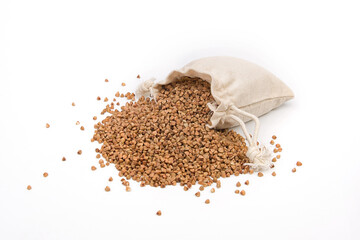 Raw buckwheat in a linen or jute bag on a white background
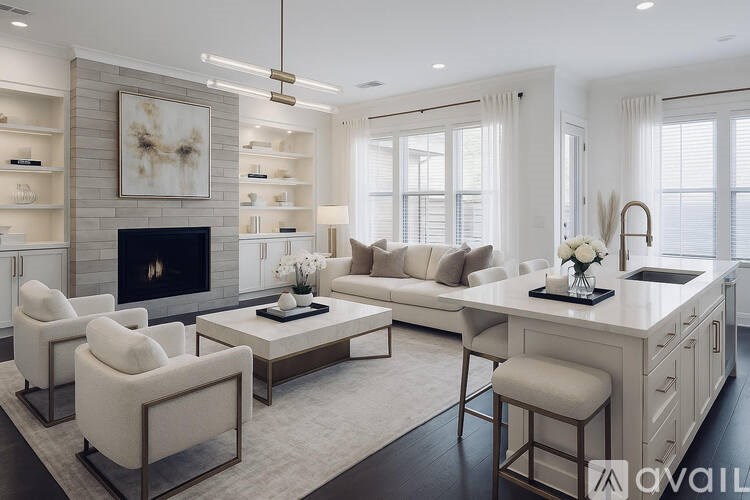 A modern living room with a fireplace and a kitchen area in the background.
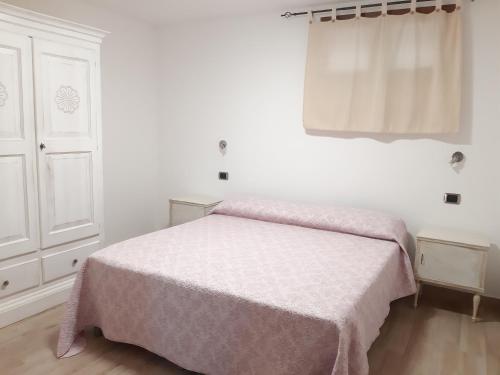Postel nebo postele na pokoji v ubytování Appartamento di Andrea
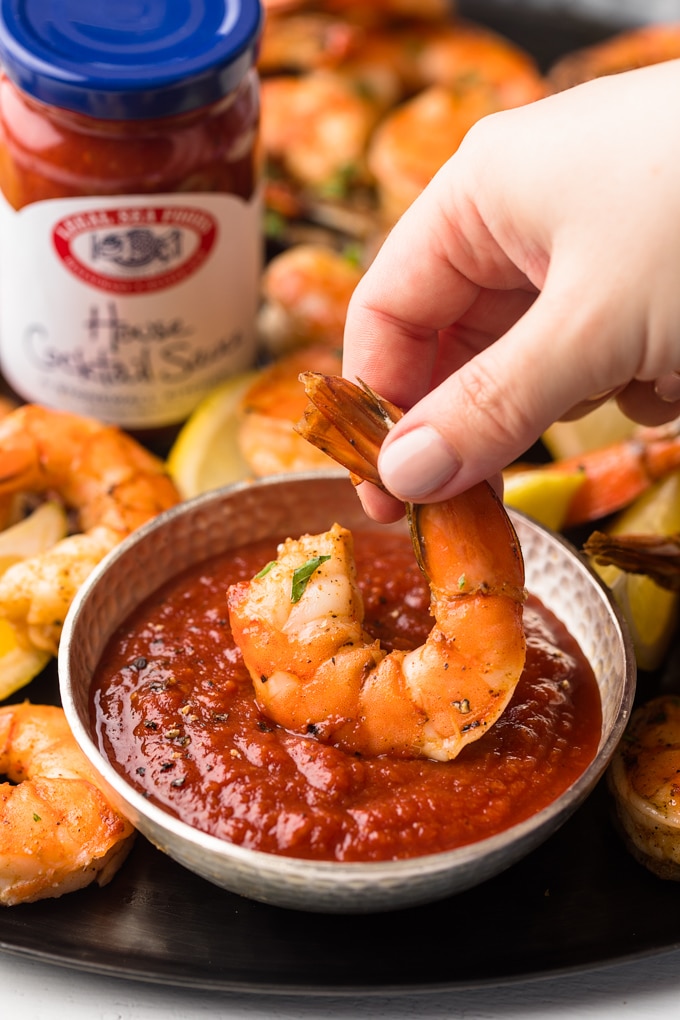 {sponsored} roasted colossal shrimp dipped into a bowl of bloody mary cocktail sauce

Exercise objective: Keeping both end lines, retype exactly the lines from the first line of the material through the line that contains "Postel nebo postele", but not the pictures.

Task answer:
 Raw buckwheat in a linen or jute bag on a white background
 A modern living room with a fireplace and a kitchen area in the background.
Postel nebo postele na pokoji v ubytování Appartamento di Andrea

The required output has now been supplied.